Codogno, l’emozione del primario in una lettera
Chiusa ieri l’Area Covid di Codogno. Presidio che è stato una delle trincee contro il coronavirus Sars-CoV-2 nella prima zona rossa d’Italia. E’ un giorno da ricordare, quello in cui è stato dimesso l’ultimo paziente che ha vinto la malattia.
Codogno è stata la città simbolo della prima ondata di Covid-19, la prima a diventare zona rossa, dopo la scoperta dell’infezione del paziente uno nel febbraio del 2020.
Un segno, dopo tanti mesi di lutti e sofferenze, di ritorno alla vita.
Hanno dato la notizia, la Asst di Lodi e Francesco Tursi, responsabile del servizio di Pneumologia e referente dell’Area Gialla Covid del nosocomio della cittadina tra Lodi e Piacenza, impegnato per oltre 15 mesi nella lotta al coronavirus.
“È un giorno che vivo con profonda emozione”, ha scritto Tursi che ha voluto scrivere una lettera, indirizzata al direttore generale Salvatore Di Gioia, in cui ringrazia “tutti gli infermieri uno ad uno (citando i loro nomi, ndr) che si sono spesi senza risparmiarsi, mettendo a rischio anche la propria vita per il bene dei nostri concittadini”. Poi i ringraziamenti ad ausiliari, Oss, addette alle pulizie, fisioterapisti e giovani medici. E, alla fine, il medico ringrazia anche i pazienti “che hanno condiviso con noi questo periodo così delicato della vostra vita, spero che tutti noi siamo stati in grado di essere all’altezza delle vostre aspettative. Posso solo dirvi che noi dell’Area covid di Codogno ce l’abbiamo messa tutta. Grazie per le numerose testimonianze di affetto nei nostri confronti che ci hanno commosso e gratificato. Nulla è stato pari al volto anche solo di un paziente che avevamo aiutato a guarire, vedere nei suoi occhi battere la vita. Risalire alla vita, come lentamente tutti stiamo facendo ai margini di un momento che verrà ricordato nei libri di storia.
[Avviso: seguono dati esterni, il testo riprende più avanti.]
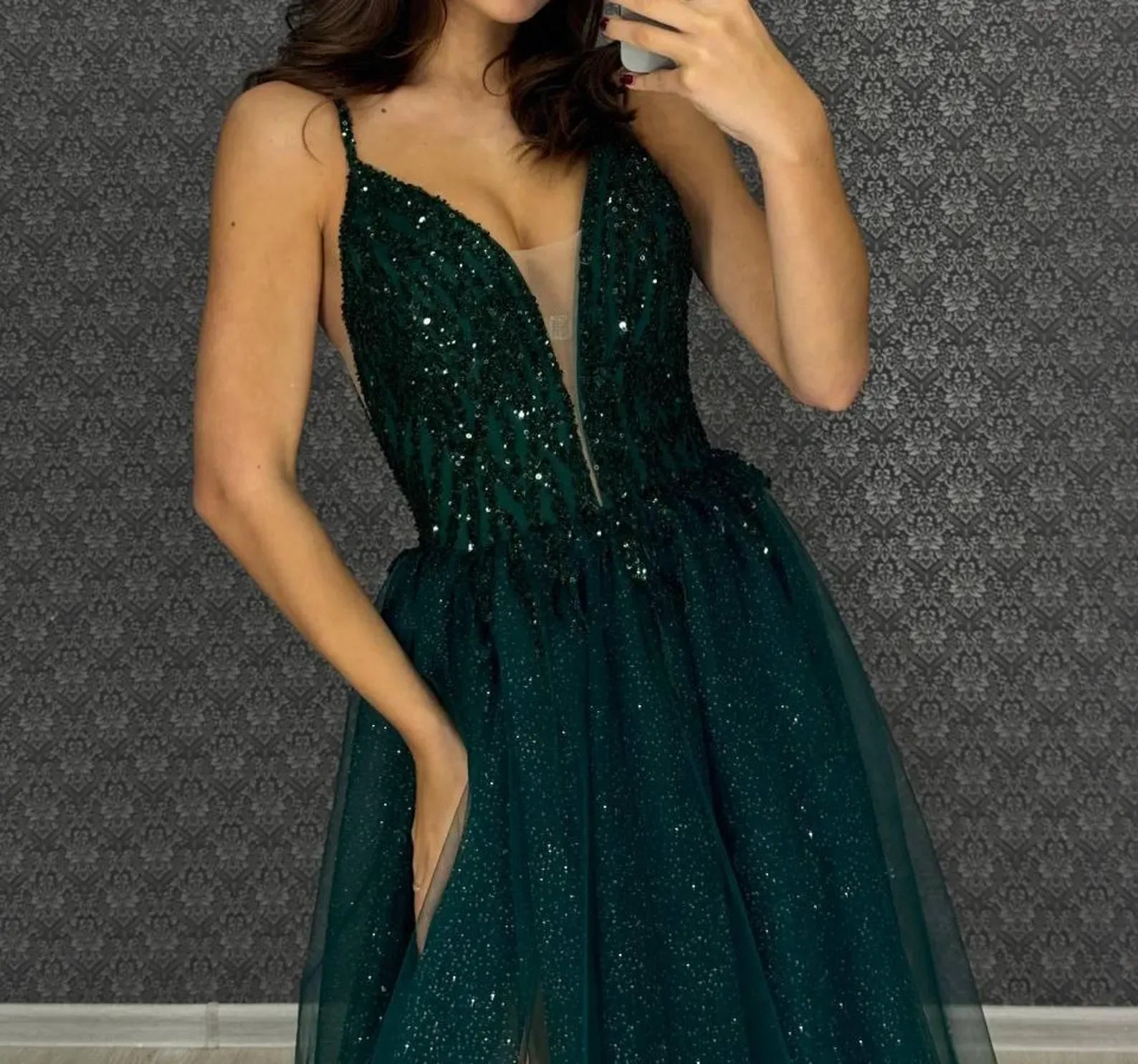Glamorous A Line Beaded Glitter Tulle Long Prom Dress With V Neck And Slit For Prom Night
Sono stati per me – conclude Tursi – i mesi più intensi della mia vita e voi l’avete resi memorabili nel mio cuore e nella mia mente”.
“Ho curato i miei pazienti – ha proseguito Tursi – come se fossero i miei genitori. Amo l’essere umano, cercare di farlo guarire è la mia vita”. Anche il medico si ammalò durante la prima ondata della pandemia. “Ho voluto che i miei pazienti non fossero soli. Non si sentissero mai soli. Ho voluto stessero il più possibile a contatto con noi sanitari, proprio come fossimo una famiglia. Gli curavamo la pettinatura, gli portavamo il caffè: a volte anche la brioche. I pazienti non sono tutti uguali: noi abbiamo voluto prenderci cura di loro onorando i loro bisogni individuali. In questi tempi, nella nostra professione ci abbiamo messo tutta la passione che, forse, negli ultimi tempi, era andata un po’ a perdersi. Ci abbiamo messo – conclude il medico commosso – cuore e passione. Un giorno, un paziente appena guarito, ci ha detto: ‘Grazie per l’amore che ci avete dato: questa frase mi ha completamente spiazzato”.